The Academy’s Class of 2026 is AMPAS’s annual expansion of its voting membership, and the numbers it carries are notable. If all 529 accept their invitations (acceptance is never guaranteed, and the Academy does not release uptake figures), total membership reaches 11,319, with 10,338 eligible to vote on nominations and winners. The class includes 95 people who have already been nominated for Oscars, among them 21 who have won.
The names generating the most industry attention reflect a specific cultural moment in Hollywood’s performer ecosystem. Jacob Elordi, who constructed distinct and technically demanding performances in both Saltburn and Priscilla within the same 12-month window, received an invitation. So did Jenna Ortega, whose Wednesday demonstrated that teen-genre television could generate critical attention and viewership at a scale the format had largely been assumed to have outgrown.

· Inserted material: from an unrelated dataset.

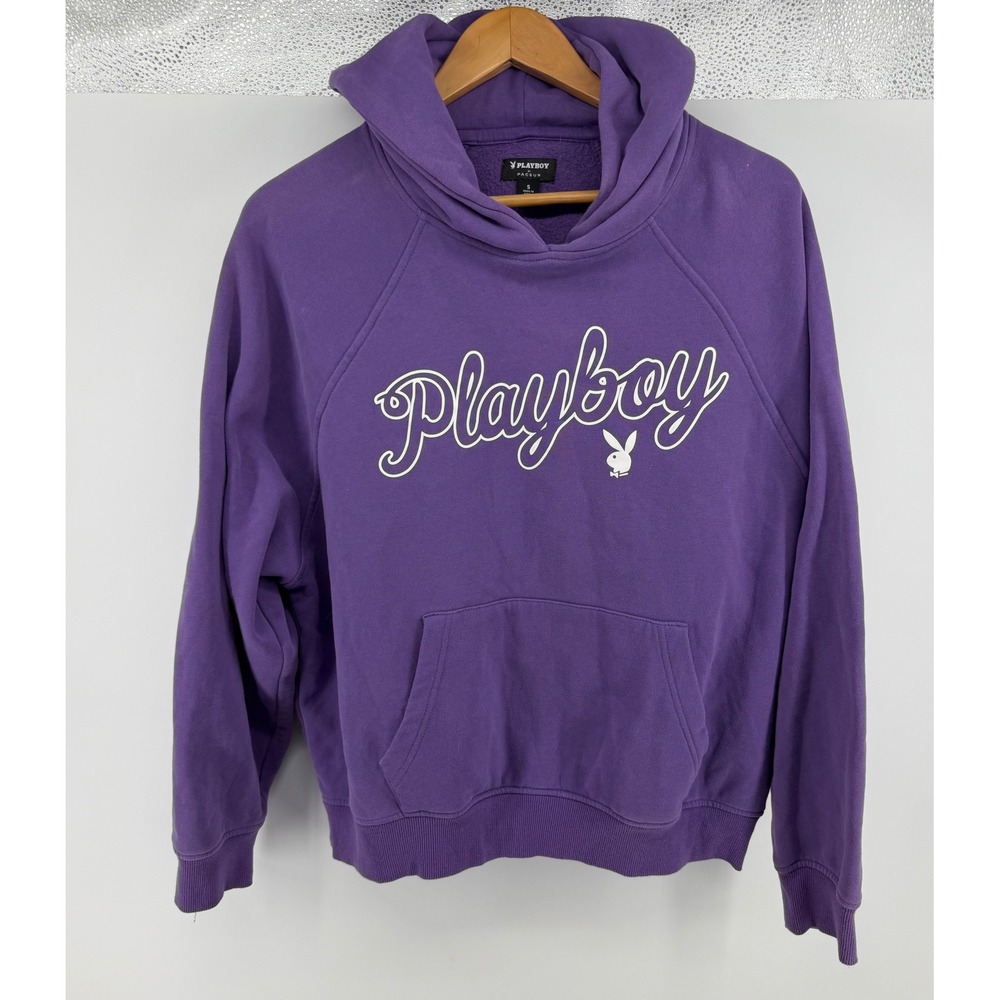 Playboy by PacSun Purple Graphic Hoodie Sweatshirt Small Raglan Fleece Oversized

Josh O’Connor, Deadline reported, is among the class, the British actor’s BAFTA win for Challengers having positioned him as one of the more closely watched names heading into the 2027 awards conversation. Mia Goth, who built a psychologically fractured character across the Pearl and MaXXXine films, was also invited.
The demographic composition of the class reflects a decade of deliberate restructuring. The Academy reports that 42 percent of the invitees are women, 56 percent come from underrepresented communities, and 53 percent were invited from 60 countries outside the United States. Those figures are the sustained output of a commitment AMPAS made in 2016, when a widely circulated analysis found the membership to be 94 percent white and 77 percent male. The organization pledged to double the number of women and diverse members by 2020 and largely met that commitment; the 2026 class is its continuation.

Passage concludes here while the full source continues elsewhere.